"Dick, Philip K - We Can Build You - txt" - читать интересную книгу автора (Dick Phillip K)


When we entered our office we found my brother Chester on the phone from Boise, reminding us that we had left the Edwin M. Stanton in the family living room, and asking us to pick it up, please.
"Well, we'll try to get out sometime today," I promised him.
Chester said, "It's sitting where you left it. Father turned it on for a few minutes this morning to see if it got the news."
"What news?"
"The morning news. The summary, like David Brinkley." He meant _gave_ the news. So my family had in the meantime decided that I was right; it was a machine after all and not a person.
"Did it?" I asked.
"No," Chester said. "It talked about the unnatural impudence of commanders in the field."

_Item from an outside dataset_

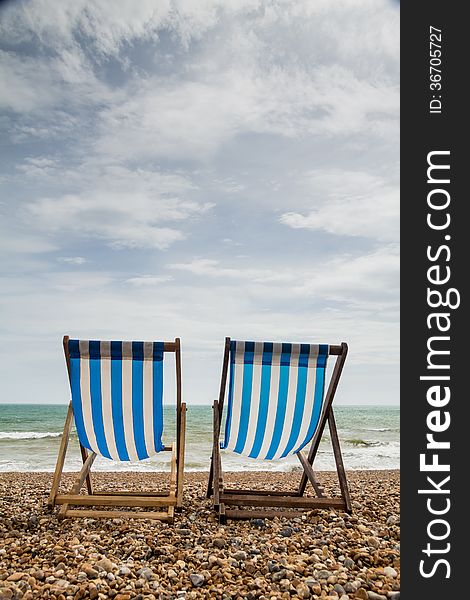 Portrait shot of 2 stripy blue and white deck chairs on a shingle beach in England looking out to sea. Portrait shot of 2 stripy blue and white deck chairs on a shingle beach in England looking out to sea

When I had hung up the phone Maury said, "Maybe Pris would get it."
"Does she have a car?" I asked.
"She can take the Jag. Maybe you better go along with her, though, in case there's still a chance your dad's interested."
Later in the day Pris showed up at the office, and soon we were on our way back to Boise.
For the first part of the trip we drove in silence, Pris behind the wheel. All at once she said, "Do you have connections with someone who's interested in the Edwin M. Stanton?" She eyed me.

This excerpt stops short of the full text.